Thanks for replying me.
After reading pages, I can finally figure out how do shashing events work. But, I still have a minor question I would like to ask. 🥲
There are 2 faults would cause penalties, storage fault and consensus fault. Assume malicious miners don't submit any sector recovery records after they do some bad things.
According to your great explanation and those links, I have known that part of CFP will go to slasher as rewards and rest of them will be burnt.
Therefore, my question is: Is it correct that the whole SF will be burnt? I used to misunderstand SF and miner collateral would give to the deal's StorageClient as compensations for losing their data.
I truly appreciate your detailed descriptions and links to source codes, it really help me a lot.🙏
Is it correct that the whole SF will be burnt?
Yes. The client will be refunded the remainder of their payments and their collateral, but nothing more. Unfortunately, SF can't be refunded to the client otherwise the storage provider would be able to "self deal" (make deals with themselves) to recoup their losses on fault. Really, SF is paying the network for failing to perform a service to the network.
There are three different places where a filecoin miner may be slashed:
In each of these scenarios, some funds are taken from the miner. The question now is what to do with those funds? We have two main options here, burn the funds (make them unspendable) and give the funds to the slasher, and the solution i think lies in picking the ratio of each to do. Some amount should be burned, and some amount should be given to the slasher.
Let's look at a couple potential proposals:
Burn all slashed funds
In this proposal, we burn all the funds that are being slashed. Now, the slasher must pay transaction fees to slash the offending party, and their only reward is that there are now slightly less total Filecoin in the network. The risk here is that the incentive to slash is so low, that people might never do it (the cost is higher than the benefit)
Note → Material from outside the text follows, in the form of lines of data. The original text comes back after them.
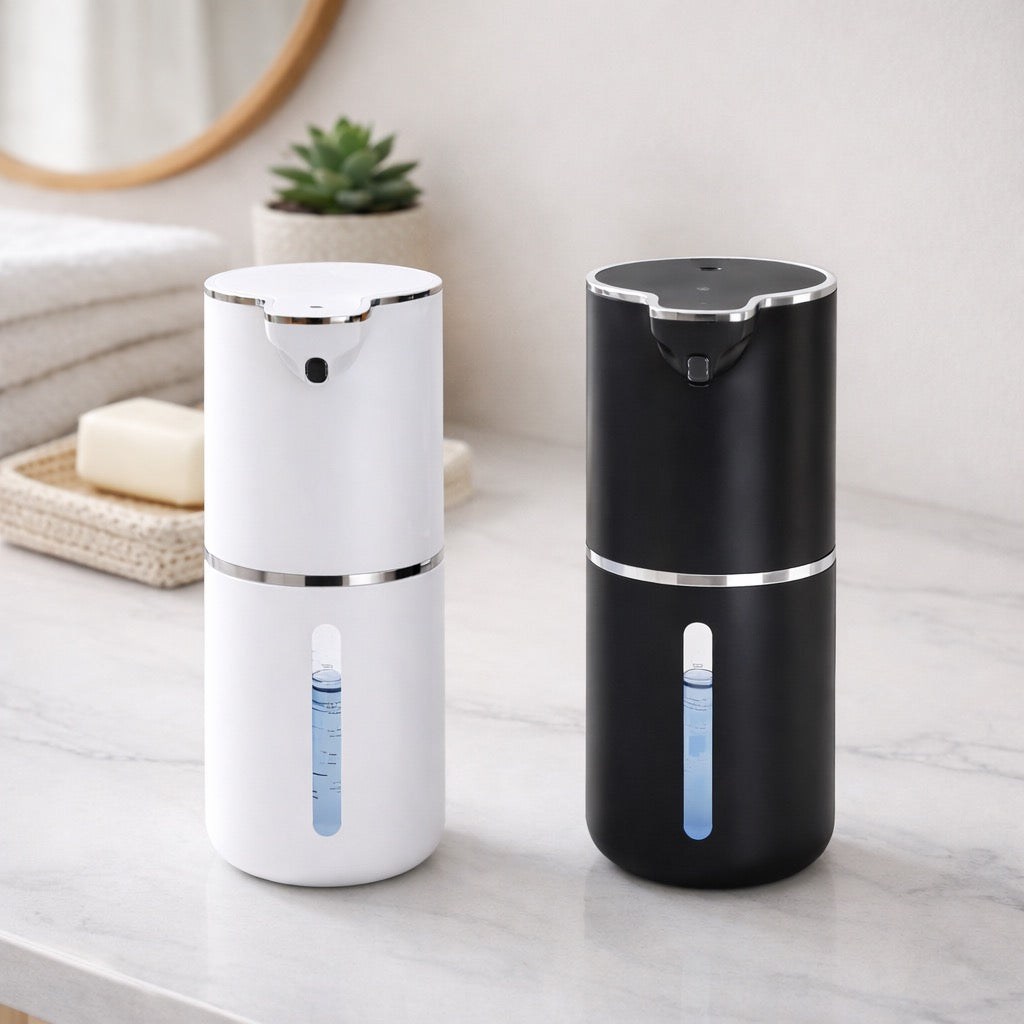 Automatic Soap Dispenser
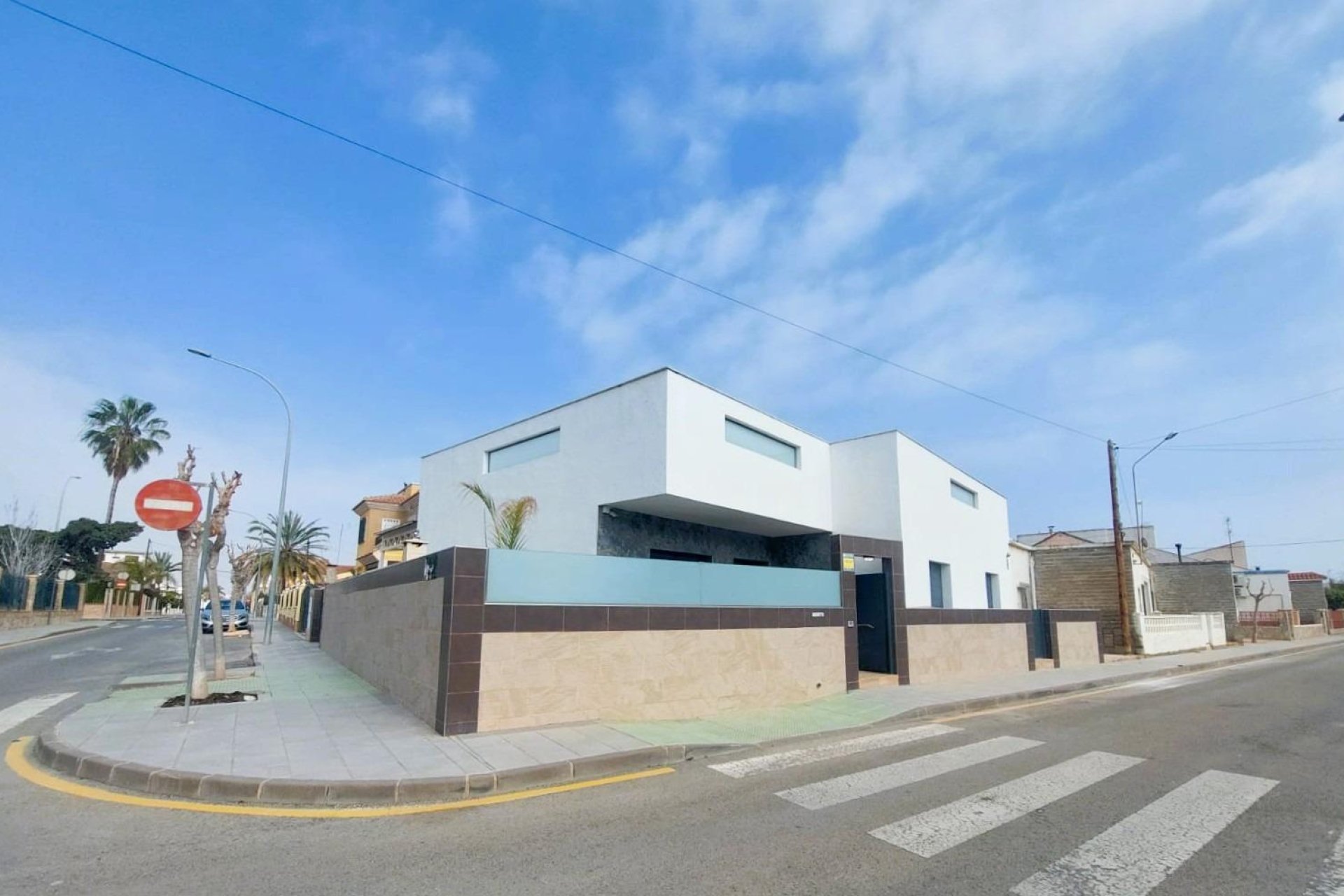 Resale - Villa - Pilar de la Horadada - TORRE DE LA HORADADA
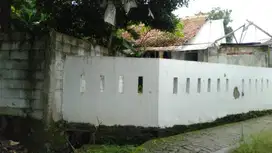 DIJUAL RUMAH KONTRAKAN 2 PINTU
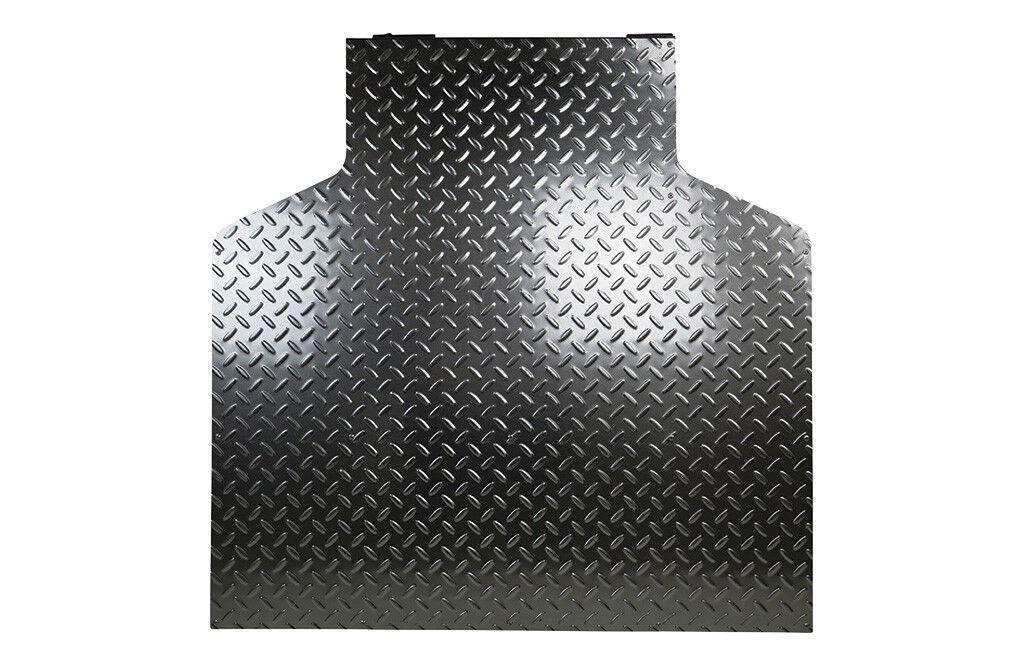 Heckklappe für Rückewagen, 1m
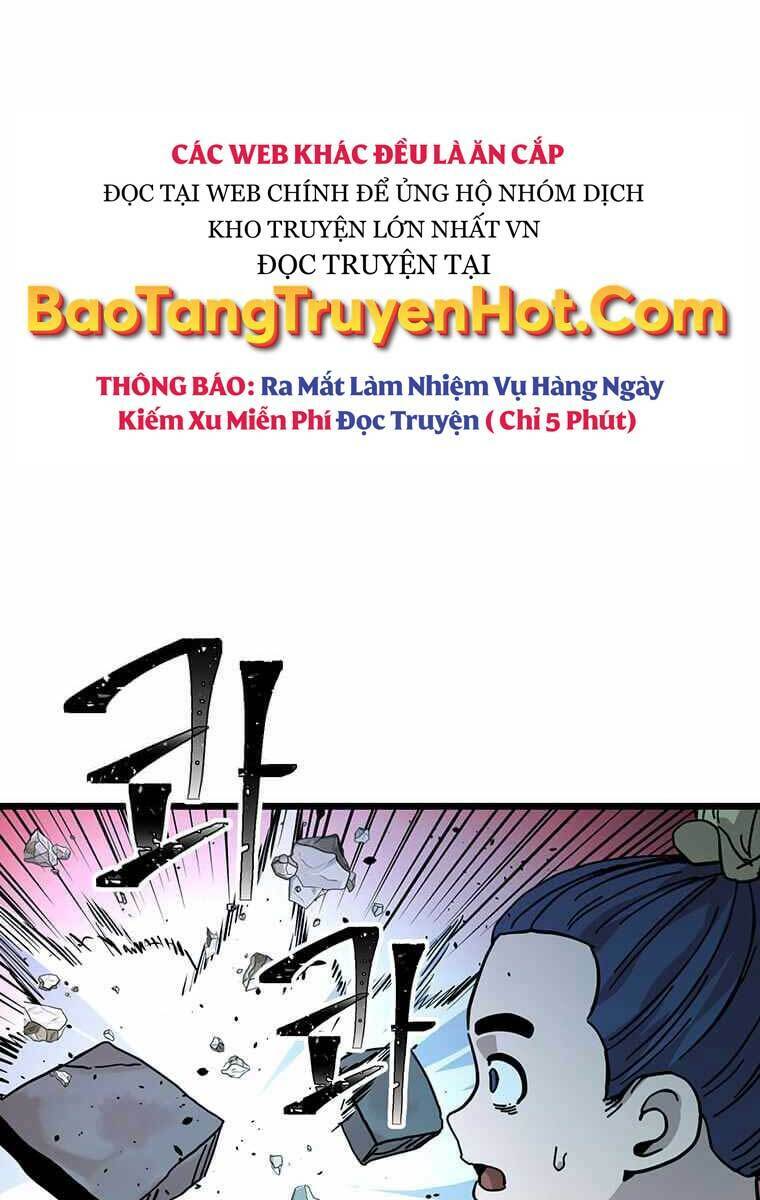 học giả trở lại chapter 125 - Trang 2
Give all slashed funds to the slasher
In this proposal, all of the slashed funds go to the slasher. This runs into two fairly subtle issues: For one, now if an attacker misbehaves, they can slash themselves with another identity to greatly mitigate the cost of their attack. Two, given a sufficient amount of funds being slashed, this can cause miners to try and fork in order to claim the slashing reward for themselves. This can cause instability in the chain, and weird incentives.